Freilich kritisierte er in Hausen konkrete Versäumnisse, die es aus seiner Sicht gibt: eine fehlende landesweite Krankenhausplanung etwa. Folge seien unverständliche Einzel-Entscheidungen; etwa dass „das Caritas-Krankenhaus St. Josef zusätzliche Betten genehmigt bekommt, während die Häuser Kelheim und Mainburg Auslastungsprobleme haben“.

■ Martin Huber, Mainburg: „Es freut mich, dass Du diesen Brief geschrieben hast“, sagte der Ex-Kreisrat zu Manfred Weber, denn das sei für Parteichef Markus Söder ein „Schuss vor den Bug“ gewesen: „Er umarmt keine Bäume mehr und postet keine Döner-Fotos mehr“. Er forderte Weber auf, „weiter voranzugehen“ - die Unterstützung der Basis sei ihm sicher. Immer noch erbost zeigte sich Huber von Söders erstem Statement nach der Kommunalwahl, wonach einige OB- und Landrats-Kandidaten der CSU eben nicht gut genug gewesen seien.

■ Petra Högl, Volkenschwand: Nach zweimaliger Lektüre des fünfseitigen Briefs hat die CSU-Kreisvorsitzende als Manfred Webers Hauptbotschaft herausgelesen: „Da gibt’s was zu besprechen in der Partei“; nämlich, dass sich die CSU personell und inhaltlich breiter aufstellen müsse. Der Vorsitzende habe denn auch schon reagiert, ergänzt die Landtagsabgeordnete mit Verweis auf Söders „Zehn-Punkte-Plan“ für die CSU. Als Frontalangriff von Weber auf den Parteichef und Ministerpräsidenten wertet sie den „Pfingstbrief“ nicht, erwartet folglich auch keine entsprechende Personaldebatte. Zumal „Manfred Weber uns ja in Europa fehlen würde“.

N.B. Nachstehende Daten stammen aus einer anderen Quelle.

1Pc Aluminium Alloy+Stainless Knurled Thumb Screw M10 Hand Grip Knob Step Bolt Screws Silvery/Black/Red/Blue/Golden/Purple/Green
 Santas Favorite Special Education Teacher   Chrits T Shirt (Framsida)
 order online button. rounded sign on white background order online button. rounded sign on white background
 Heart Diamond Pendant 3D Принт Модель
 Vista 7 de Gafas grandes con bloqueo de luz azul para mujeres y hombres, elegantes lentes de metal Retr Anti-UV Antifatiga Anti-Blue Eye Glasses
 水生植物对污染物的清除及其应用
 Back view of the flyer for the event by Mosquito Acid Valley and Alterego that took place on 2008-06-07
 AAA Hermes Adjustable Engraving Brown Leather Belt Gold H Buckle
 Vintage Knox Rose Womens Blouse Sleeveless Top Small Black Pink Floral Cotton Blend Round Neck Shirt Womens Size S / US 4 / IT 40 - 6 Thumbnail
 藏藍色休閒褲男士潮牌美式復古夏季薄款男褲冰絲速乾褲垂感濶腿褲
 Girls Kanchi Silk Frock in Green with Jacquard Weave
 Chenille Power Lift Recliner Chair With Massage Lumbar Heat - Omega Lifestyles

■ Florian Oßner, Velden: Auch der Bundes-Wahlkreisabgeordnete sieht in dem Brief keinen „Total-Affront gegen die Spitze der bayerischen Staatsregierung“. Oßner erwartet keine „Revolte“, schon „wegen des Zeitpunkts nicht“ : Hätte Weber CSU-Chef Söder herausfordern wollen, hätte er das kurz vor der Präsidiumswahl getan. Der Parteivorsitz steht aber erst 2027 wieder zur Wahl.